Le saltimbanque, peu habitué à voir des gants à son public ordinaire, s’arrêta tout court, regarda le jeune homme avec une sorte d’orgueil mélangé de reconnaissance, et, à tout hasard, lui dit :
– Je suis à vos ordres, monsieur le comte.
– Je ne suis pas comte, répondit le jeune homme à haute voix. Je veux simplement vous faire une question.
En parlant ainsi, son regard ne quittait point le visage du chef australien, et il lui sembla que, tandis qu’il parlait, ce visage avait éprouvé un léger tressaillement.

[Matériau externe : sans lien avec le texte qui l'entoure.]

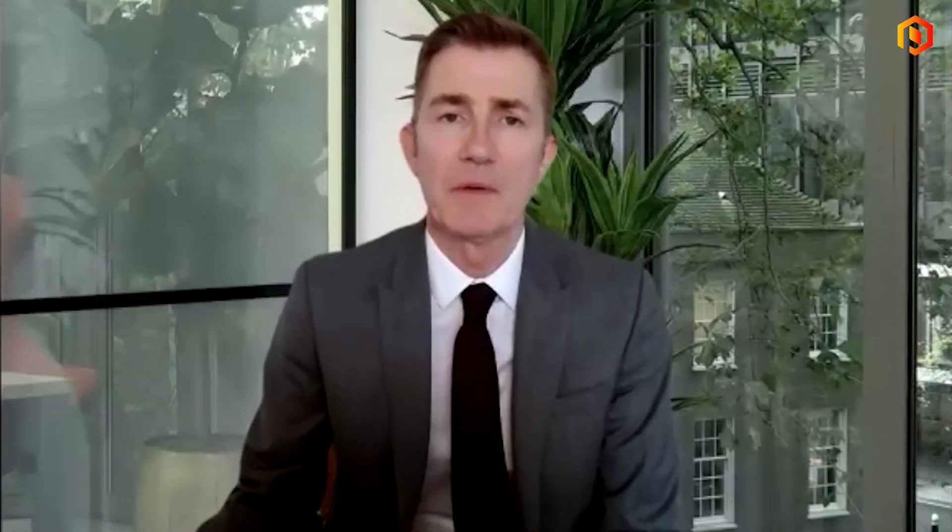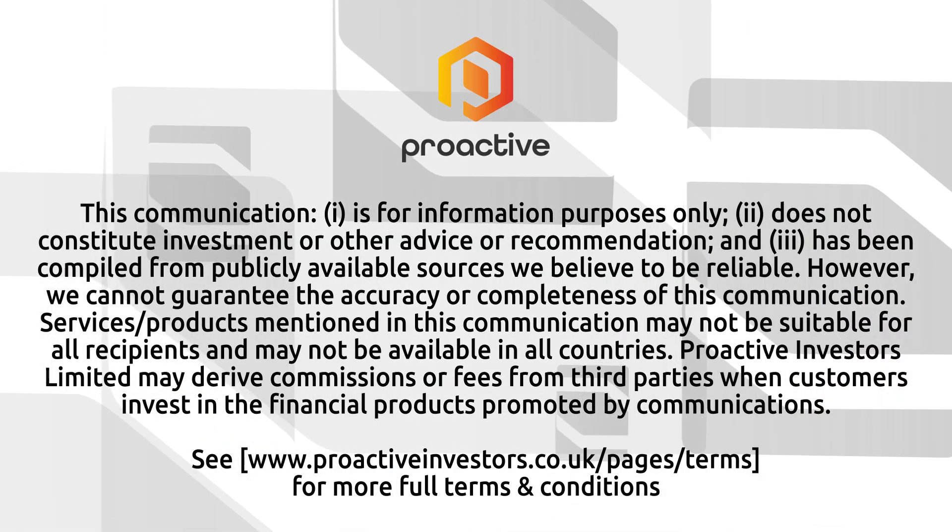Alex, I hope you'll keep us posted on any progress with that. Thank you very much for the update today. Pleasure, good to see you, Stephen. Thank you for having me. That was Alex Stanbury, the CEO of Technology Minerals.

– J’écoute, monsieur le...
Le saltimbanque hésita, mais en homme convaincu que son spectateur extraordinaire devait porter un titre.
– Monsieur le marquis, dit simplement le jeune homme aux gants lilas.
– J’écoute, monsieur le marquis, répondit le saltimbanque.
– Votre chef sauvage entend-il les langues européennes ?
– Il entend l’anglais.
– Très bien.
Et le jeune homme, peu soucieux du mouvement de curiosité qui se produisit autour de lui parmi le reste des spectateurs, adressa, en anglais, la parole au chef australien :
– Seigneur O’Penny, lui dit-il, vous plairait-il de me dire à bord de quel navire vous êtes venu en Europe ? Étiez-vous sur le Fulton, la Persévérance ou le Fowler ?
À ce dernier mot, O’Penny tressaillit vivement, fit un brusque mouvement sur son trône, et le saltimbanque s’écria :
– Vous le voyez, mesdames et messieurs, O’Penny comprend l’anglais, et s’il avait encore sa langue il aurait répondu à monsieur le marquis.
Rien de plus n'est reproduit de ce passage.